Water stress in the water towers of the world
Updated: Dec 14, 2019
Europe was hit by a heatwave early summer 2019. Parts of Europe, including also Eastern Germany, has not even recovered from the 2018 drought and the 2019 heatwave made the lack of water even more pronounced. As a local politician in Toulouse suggested (see my blog entry Power for the People), larger water reservoirs may help. Do they?
This year’s field season started early August and by now we have visited over two thirds of our regular lakes. Along the way to our sites we already saw the shortage of water. All rivers show their skeleton of stones and rocks, the river banks are extensive this year, and we saw some anglers, likely stone fishing, as anything else would be absurd.Where normally waterfalls are only small rivulets can be seen. They dribble away, small rivulet, drop by drop... Many of the wetlands in the mountains are dry or nearly so.

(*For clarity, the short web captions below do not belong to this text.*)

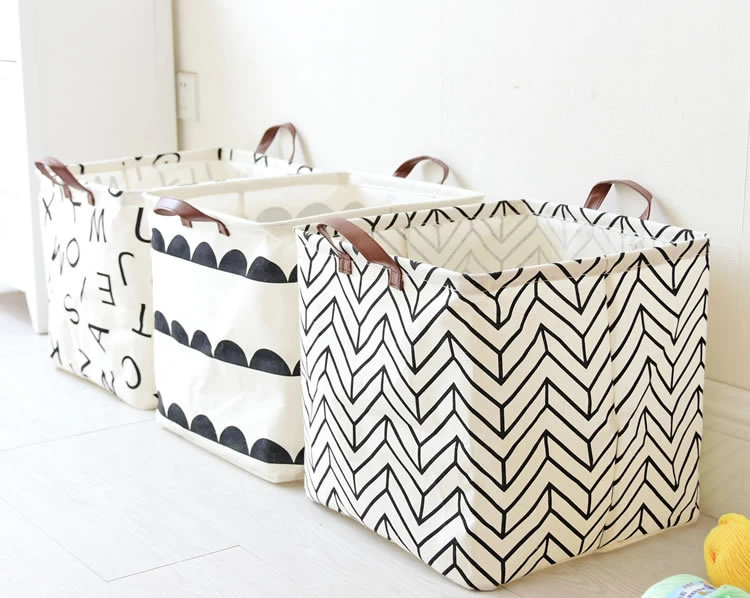 waterproof folding basket bag Cotton and linen laundry basket toy sundry storage bag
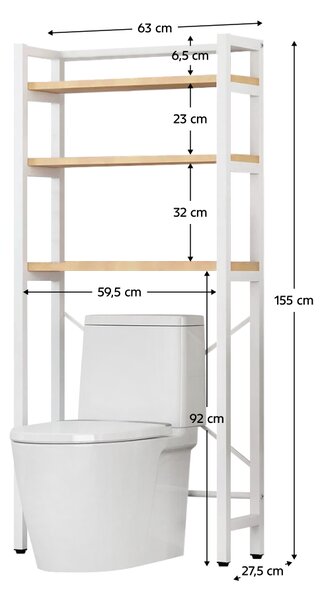 KONDELA Polcállvány WC fölé, tölgy natural/fehér, BALRAM
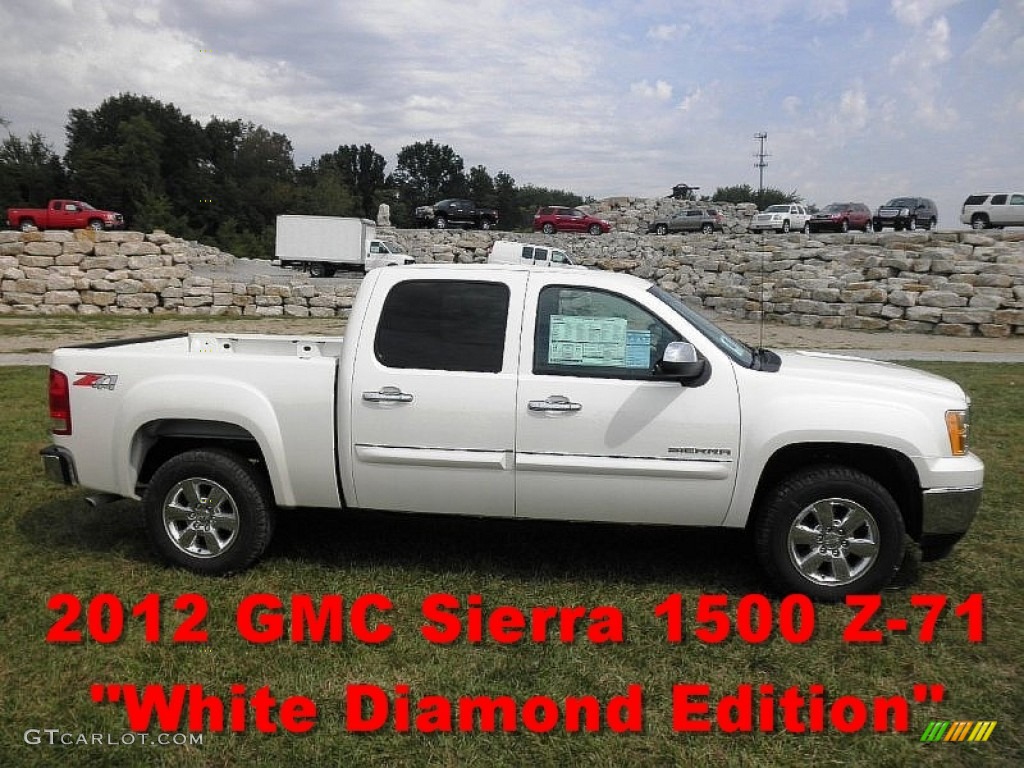 2012 Sierra 1500 SLE Crew Cab 4x4 - White Diamond Tricoat / Ebony photo #1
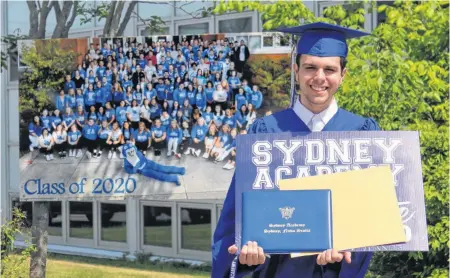  ?? NICOLE SULLIVAN/CAPE BRETON POST ?? Stephen Hines, 18, holds his diploma and graduation lawn sign in front of a photo taken of the Sydney Academy Class of 2020, which was taken before schools were closed due in March due to COVID-19.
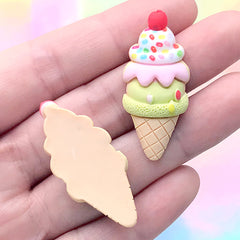 Ice Cream Decoden Cabochons | Kawaii Sweet Deco | Cute Resin Embellishments (3 pcs / 17mm x 38mm)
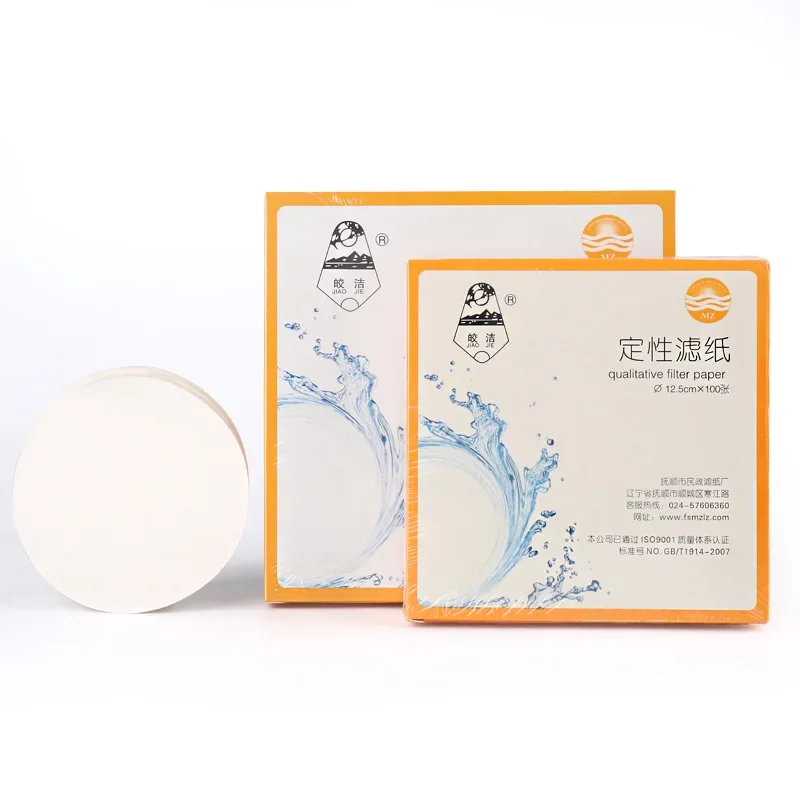 100Pcs/pack Lab Cotton Fiber Qualitative Filter Paper 7cm/9cm/11cm/12.5cm/15cm/18cm with Fast/Medium/Slow Speed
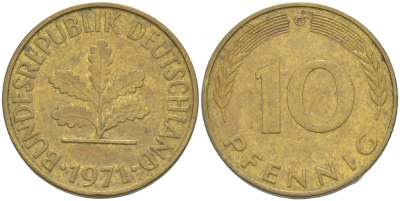 ФРГ 10 ПФЕННИГОВ 1971 G KM 108, J. 383 сталь плакированная латунью 4182-823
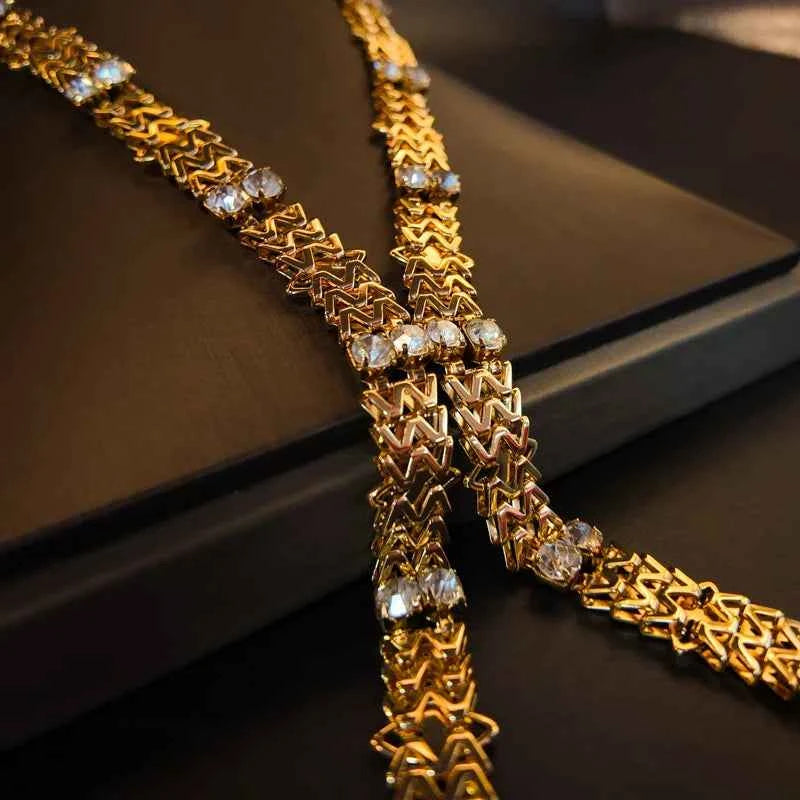 Luxury Golden Zircon Long Fringed Necklace - Italian Niche Design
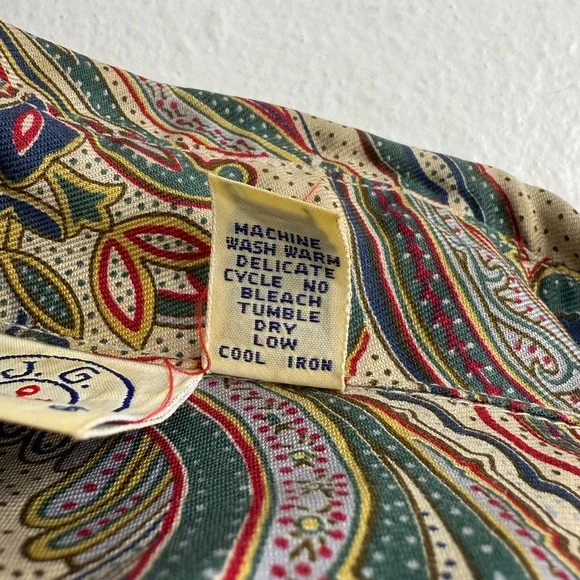 J.G. Hook Vintage Paisley Print Midi Dress Short Sleeve Button Front Sz 14 - Picture 13 of 13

Our lakes are 30 - 50 cm below their normal water level. A rather shocking sight. The vegetation also shows signs of water stress, where the Pyrenees normally show a dark green and lush forests they are brown and yellow brown these days.
The water stress report shows that many countries in Europe suffer from water stress, including France. The interesting thing is that the water stress of the Pyrenees is only estimated to be medium to high. However, the signs in the mountains are much more drastic, on some slopes there are many dried out trees and give the forest an autumnal colour - in August. The forests function of carbon sequestration must be surely reduced under such conditions.
Mountains are much more sensitive to climate change and it will be interesting to analyse our samples to see how this dry period affects the functioning of mountain lakes and the interactions between biota.
By the way, where there is no water, no water reserve can be full....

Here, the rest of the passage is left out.